Kathryn Engle, the director at the University of Kentucky's Appalachian Center says in Appalachia, the county seats are often doing well.
Engle explained, "I work in Stinking Creek in Knox County, and Barbourville is the county seat. And so there's quite a difference, even just within the county, of topography, of where the jobs are concentrated, kind of the general lay of the land. So, even within the county level, there are certain areas or cities that will get the resources."
Clark says a planned 60 acre greenhouse in the Sharkey community will help with that. "AppHarvest, the greenhouse, is planning on starting hiring in mid-summer next year, so it's not too far away. But you also have to consider the construction jobs that goes along with that, so we'll continue to get employment even when they're in the construction phase. 60 acre greenhouse, I don't know how all they're going to build it, but it's going to take a lot of people to build it."
Rowan County Representative Rocky Adkins (D-Sandy Hook) is also positive about the future, saying "The infrastructure's in place. Parts of the puzzle are in place. It's going to take that hard work and somebody getting up every day focused to put that puzzle together."
Clark agreed, but said infrastructure remains a concern, which is where he thinks being a distressed county will actually help.

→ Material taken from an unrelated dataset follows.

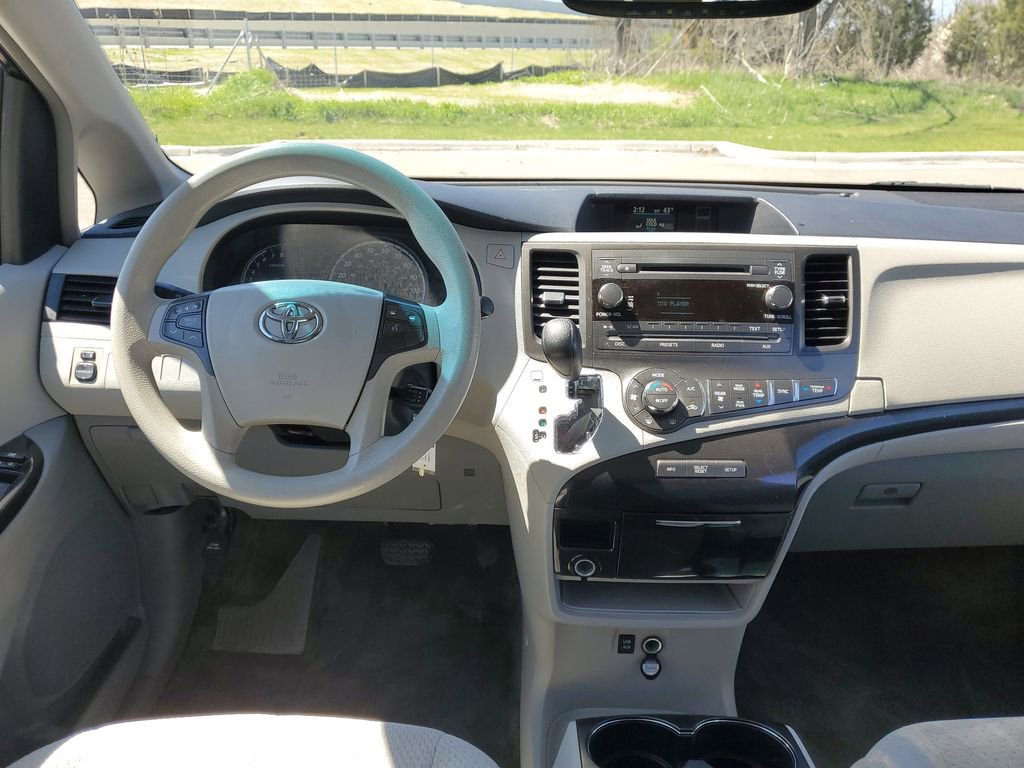 Used 2014 Toyota Sienna LE FWD image 12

Explaining his reasoning, Clark said, "It will help us reach out and do some broadband work that we desperately need. We've got some studies going on now. It will help us in many ways. Infrastructure, we're always worried about sewers and those kind of things. That's what distressed counties are eligible for, is assistance in some of this infrastructure stuff."
However, Engle warns against thinking broadband will be the cure-all for the region, comparing it to the push for first railroads and then the highway system. She said the "if you build it, they will come" idea doesn't work as well as some would hope.
She also says, a lot of the problems Rowan County and Appalachia face aren't unique to the region, but instead are the problems much of rural America is facing.